__PROBLEM DETAILS__. Reproduce the listing below exactly, minus its pictures.

__DATASET CONTENT__.

----

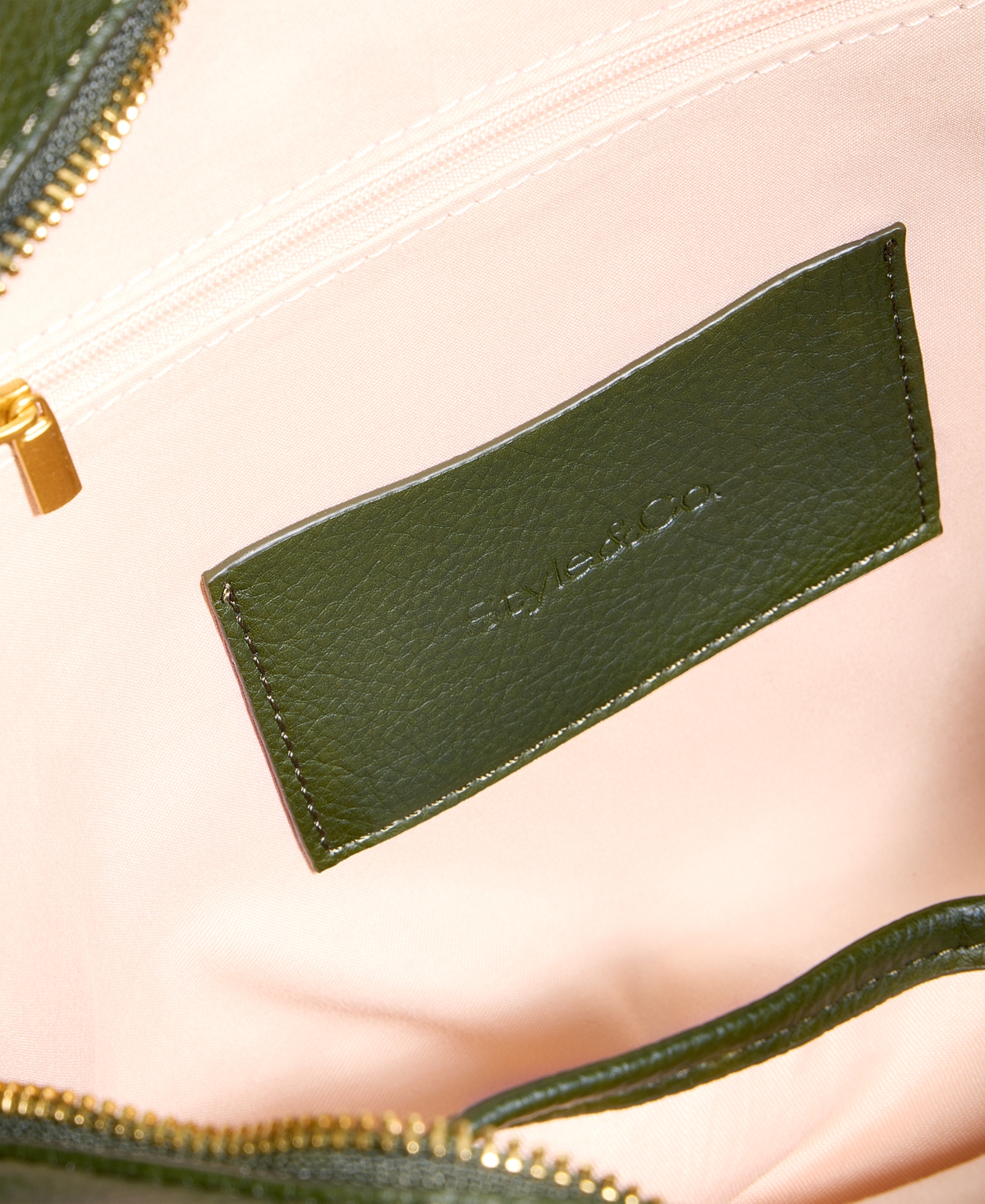 Style & Co Medium Woven Four Poster Bag, Macy's Exclusive In Green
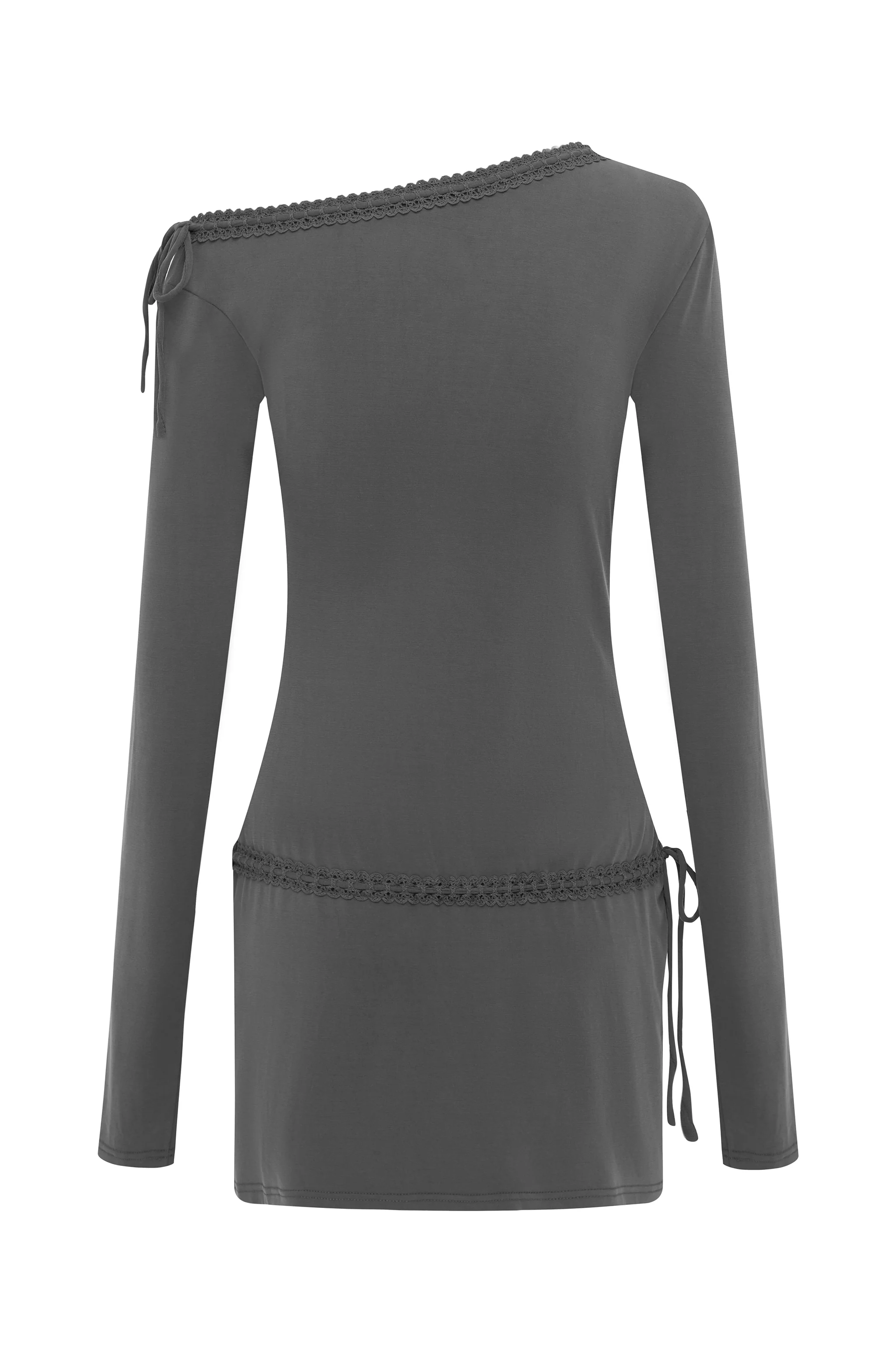 Marga Dress | Charcoal - Image 8
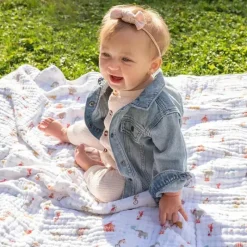 Aden + Anais Blankets & Quilts*- Essential Elephant Circus Baby Blanket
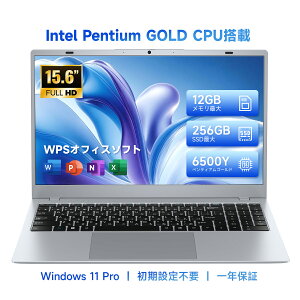 �y�����L�OP5�{10%�N�[�|���z�V�i �m�[�g�p�\�R�� Windows 11 15.6�C���`���C�h�t�� �t��HD office�t�� Intel Pentium GOLD 6500Y 12GB �������ő� 256GB SSD�ő� USB3.2 HDMI Bluetooth5.0 WEB�J���� ���{��L�[�{�[�h US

----

__YOUR SOLUTION__.
 Style & Co Medium Woven Four Poster Bag, Macy's Exclusive In Green
 Marga Dress | Charcoal - Image 8
 Aden + Anais Blankets & Quilts*- Essential Elephant Circus Baby Blanket
 �y�����L�OP5�{10%�N�[�|���z�V�i �m�[�g�p�\�R�� Windows 11 15.6�C���`���C�h�t�� �t��HD office�t�� Intel Pentium GOLD 6500Y 12GB �������ő� 256GB SSD�ő� USB3.2 HDMI Bluetooth5.0 WEB�J���� ���{��L�[�{�[�h US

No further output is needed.